I’m not saying the process doesn’t also need help from government, but because they’re unlikely to change so radically in the short time frame we need, I think it is going to be regular people working locally along with municipal and maybe state or provincial governments that will create the faster changes we need.

Politicians who discuss “the Green New Deal” or climate change more globally are by and large stepping around the issues of failing corporations and falling GNPs.  They don’t want to say out loud what the real impact of making radical change may have. The youth who are striking often seem to me to be a little naive when it comes to understanding the likely results of the degree of revolutionary change they demand — as did the “radical revolutionaries” of the Viet Nam era; the one sticking point that kept me slightly apart.  I’m not saying they’re wrong that we need it, but I also see you have to face this issue as a probable outcome.

I’m seeing a lot of movement toward more local solutions.  As I’ve mentioned, the world wide co-op movement is very heartening.  It’s been going on long enough I’m seeing studies showing they’re making profits, employing a lot of people and paying them better, etc.  They also allow women and people of color to get a fair shake.

Clearly there are already people who see this is the way to go.  I just think we need a wider-spread consciousness about the need to quickly form local co-ops (or similar) for everything from banking to manufacturing to farming to housing, etc. See previous post for more on co-ops.

What I don’t see is enough individuals advocating on how much WE have to change.  The U.S. is the worst as far as over-consuming.  Our citizens need to step it up more than most pundits are telling them and quit the constant buying.  The assumption that women need a 150 square foot closet and more than enough clothes to fill it needs to stop.  Buying a new computer or cell phone every time a small change in technology comes out needs to stop.  Driving gas-guzzling SUVs needs to stop.  Buying food you don’t need and throwing it away needs to stop.
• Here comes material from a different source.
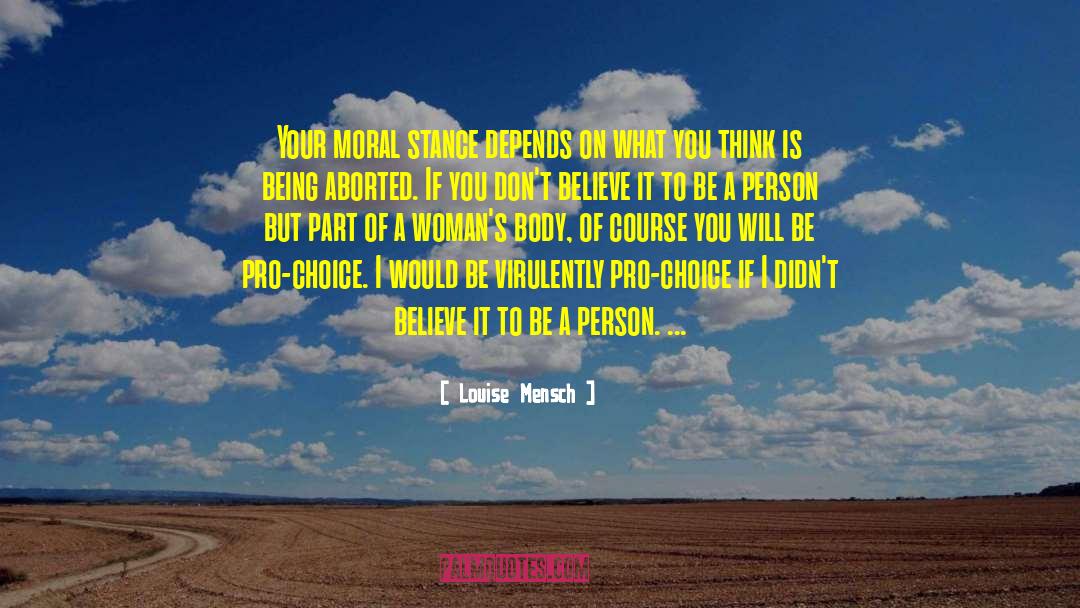 Louise Mensch Quotes: Your moral stance depends on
In my lifetime we’ve moved from a society in which many families had one car and men formed carpools at work so wives and children had the car some days and not others to a society in which every body in the family has at least one vehicle.  We should be demanding expanded public transportation and driving fewer cars instead of more.

No one — especially no politician — wants to tell people they MUST dramatically change their lifestyles especially regarding consuming habits.  Generally speaking the population is resistant to being told big changes must be made .  But this time we have to be agents of change.  Part of that change is also to remake governments to serve the people, but till we do, we’re the best hope we have.
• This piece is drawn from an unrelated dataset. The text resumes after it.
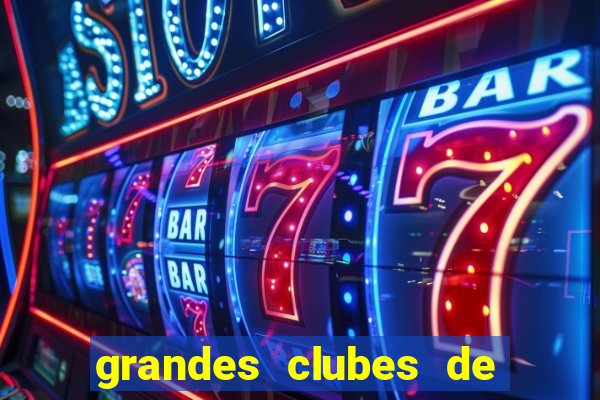 grandes clubes de futebol stop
And if we all really start cutting back as much as we must, sales fall, profits decrease, corporations downsize and lay people off, etc.  Some will go out of business.  We should also be using consumer boycotts to express our wrath at their destructive practices and the same consequences are likely.
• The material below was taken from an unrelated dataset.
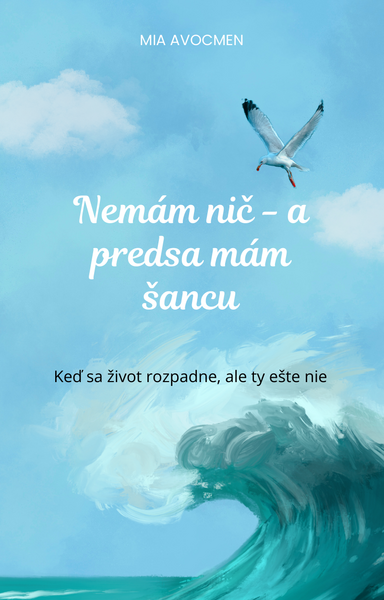 Nemám nič - a predsa mám šancu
We need to have a plethora of local opportunities ready to hire displaced workers.  Some places are working on plans where the shift to more sustainable plans and programs includes many new jobs.  We’re talking about a shifting of business and jobs on a scale never seen by the world.

We need to shift to a Thrive Economy instead of one that always grows bigger:

It’s time for us to be poring through Project Drawdown to see which solutions we could support with funding, which solutions we could work on in groups or alone, whether new ideas can be spun from the many offered there.
Paul Hawken_edited
Government as it is constituted right now isn’t going to accomplish this for us.  It’s up to us.  What can we do to shift the mentality from grow to thrive?  How can we start businesses and co-ops operating to thrive while being sustainable?  What are WE going o do to save the world?